INFORMATION SHOWN –
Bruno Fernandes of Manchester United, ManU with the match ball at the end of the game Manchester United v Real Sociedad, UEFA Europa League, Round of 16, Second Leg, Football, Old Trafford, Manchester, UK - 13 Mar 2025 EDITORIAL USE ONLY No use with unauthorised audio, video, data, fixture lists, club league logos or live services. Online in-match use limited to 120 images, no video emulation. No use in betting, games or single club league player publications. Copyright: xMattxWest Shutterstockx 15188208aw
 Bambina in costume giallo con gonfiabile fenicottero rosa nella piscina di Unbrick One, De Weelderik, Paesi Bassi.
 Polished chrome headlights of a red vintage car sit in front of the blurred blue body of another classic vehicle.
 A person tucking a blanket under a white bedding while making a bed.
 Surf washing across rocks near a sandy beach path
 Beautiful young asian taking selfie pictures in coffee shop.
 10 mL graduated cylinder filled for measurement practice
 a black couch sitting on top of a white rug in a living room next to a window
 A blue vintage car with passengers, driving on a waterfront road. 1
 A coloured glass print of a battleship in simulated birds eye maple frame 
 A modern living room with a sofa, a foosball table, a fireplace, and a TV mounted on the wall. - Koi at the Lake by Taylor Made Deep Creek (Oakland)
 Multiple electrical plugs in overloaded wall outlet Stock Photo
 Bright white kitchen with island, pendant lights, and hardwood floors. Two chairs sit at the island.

EXERCISE AIM –
What you give back should be exactly the lines from the one with "A modern living" through the final line of the listing, and no others.

EXERCISE ANSWER –
 A modern living room with a sofa, a foosball table, a fireplace, and a TV mounted on the wall. - Koi at the Lake by Taylor Made Deep Creek (Oakland)
 Multiple electrical plugs in overloaded wall outlet Stock Photo
 Bright white kitchen with island, pendant lights, and hardwood floors. Two chairs sit at the island.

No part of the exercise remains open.